Но вторит мне лишь эхо безучастно…
Я зарыдал, увы, ее уж нет!6
Я привожу только отрывки из того, что читал Некрасов. Он несколько раз останавливался во время чтения, и последние строки читал уже почти шепотом. Наконец он кончил, закрыл глаза и в утомлении закинул назад голову… ‘Ее уж нет — и тебя скоро не станет!’ — думал я, глядя на его изможденное лицо, высокий лоб, полуоткрытые губы…
И вот его не стало… 30 декабря в ‘исторических комнатах’ толпился народ, и в десятом часу утра толпа молодежи вынесла на руках его гроб. У подъезда дожидалась богатая погребальная колесница, но ей не досталась честь везти этот дорогой прах, его несли на руках до самого Новодевичьего монастыря, то есть добрых восемь верст!
Похороны Некрасова не походили на похороны Тьера. У того шли за гробом сотни тысяч, там в печальной процессии участвовало все население, весь город, закрывший свои магазины и облекшийся в траур. Гроб Некрасова провожали тысячи три человек, и город ничем не обнаружил своей скорби. Но для Петербурга это все-таки были невиданные похороны — и по многолюдству, и по внешнему виду. Гроб, как я сказал, всю дорогу несли на руках. Впереди его шла толпа с несколькими громадными венками, украшенными надписями: ‘Некрасову — студенты’, ‘Бессмертному певцу народной скорби’, ‘От русских женщин’, ‘Слава печальнику горя народного’ и др. Толпа, несшая эти венки, всю дорогу — хором человек в двести — пела ‘Святый боже’, и пела так усердно, что я боюсь, как бы большинство ее не захворало дифтеритом. На кладбище, говорят, толпа эта возросла до пяти тысяч человек. Пять тысяч на похоронах русского писателя — это кое-что значит! Вся литература участвовала в этой толпе. В церкви, после обедни, профессор петербургского университета священник Горчаков произнес теплую, прочувствованную речь, а потом читались речи и на самой могиле.
ПРИМЕЧАНИЯ
Печатается по тексту газеты ‘Неделя’, 1878, No 1 от 1 января, стр. 36—39.
1 Стр. 470. Это Стихотворение безымянного автора было опубликовано в ‘Неделе’ от 30 января 1877 г.

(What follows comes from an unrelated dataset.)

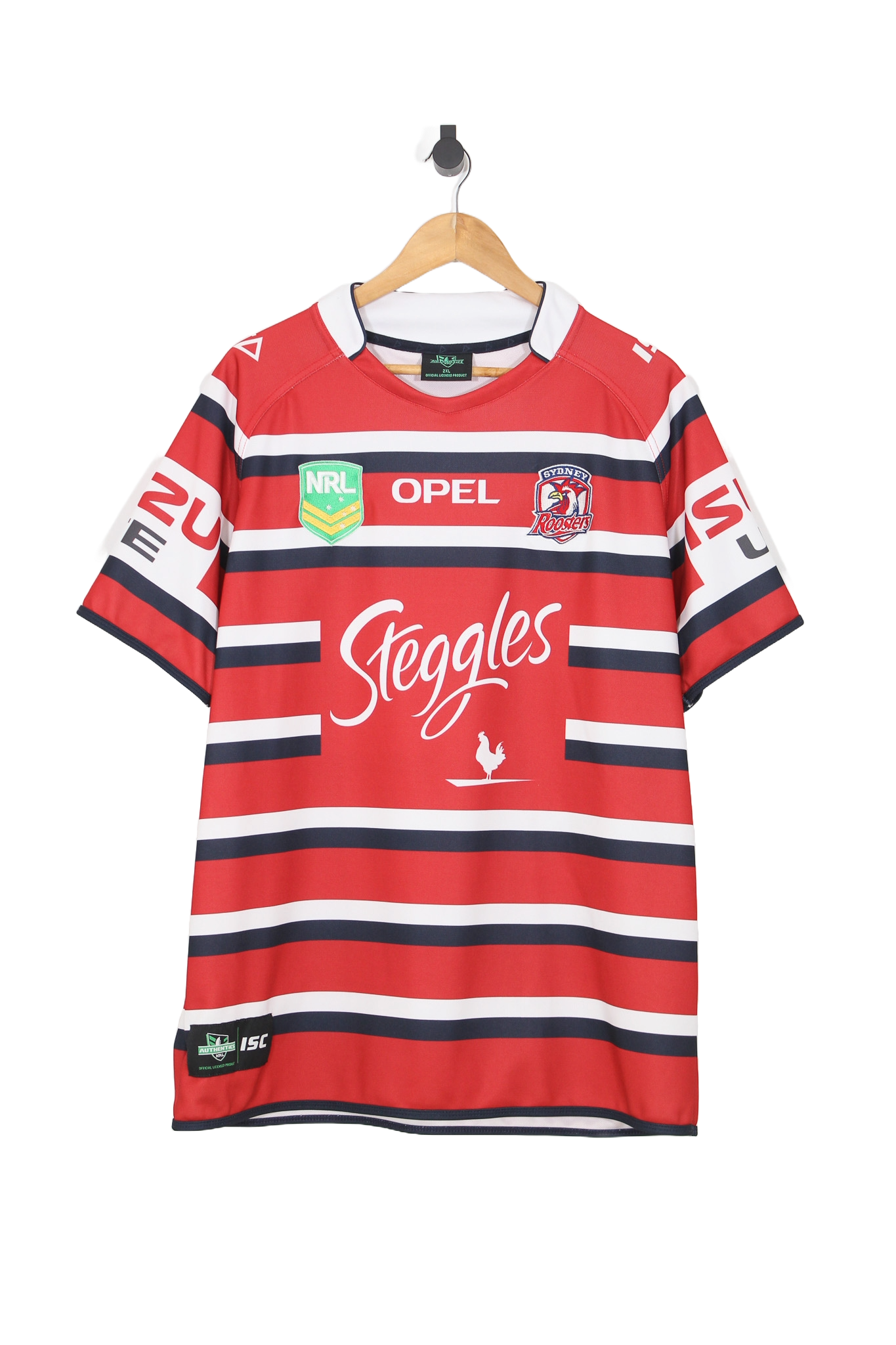 2013 Sydney Roosters Heritage NRL Jersey - XXL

2 Стр. 470. Об этом см. стр. 60.
3 Стр. 470. Этот рассказ подтверждается другими источниками. Тетка поэта Т. С. Алтуфьева вспоминала о его деде, С. А. Некрасове: ‘Живши в Москве, отец наш любил играть в карты и много проигрывал. Последний проигрыш был в 8 тысяч ассигнациями. На расплату заложил ярославскую деревню Салтыковку’ (Евгеньев-Максимов, 1, стр. 14). В автобиографических набросках Некрасов воспроизводил разговор с ним отца, А. С. Некрасова: ‘Предки наши были богаты, прапрапрадед ваш проиграл семь тысяч душ, прадед две, дед (мой отец) одну, я ничего, потому что нечего было проигрывать, но в карточки поиграть тоже любил’ (ЛН, т. 49—50, стр. 144).
4 Стр. 471. Отрывки из поэмы ‘Мать’ были опубликованы в ‘Отечественных записках’ (1877, No 3). Польское происхождение матери Некрасова Е. А. Закревской оспаривается многими исследователями.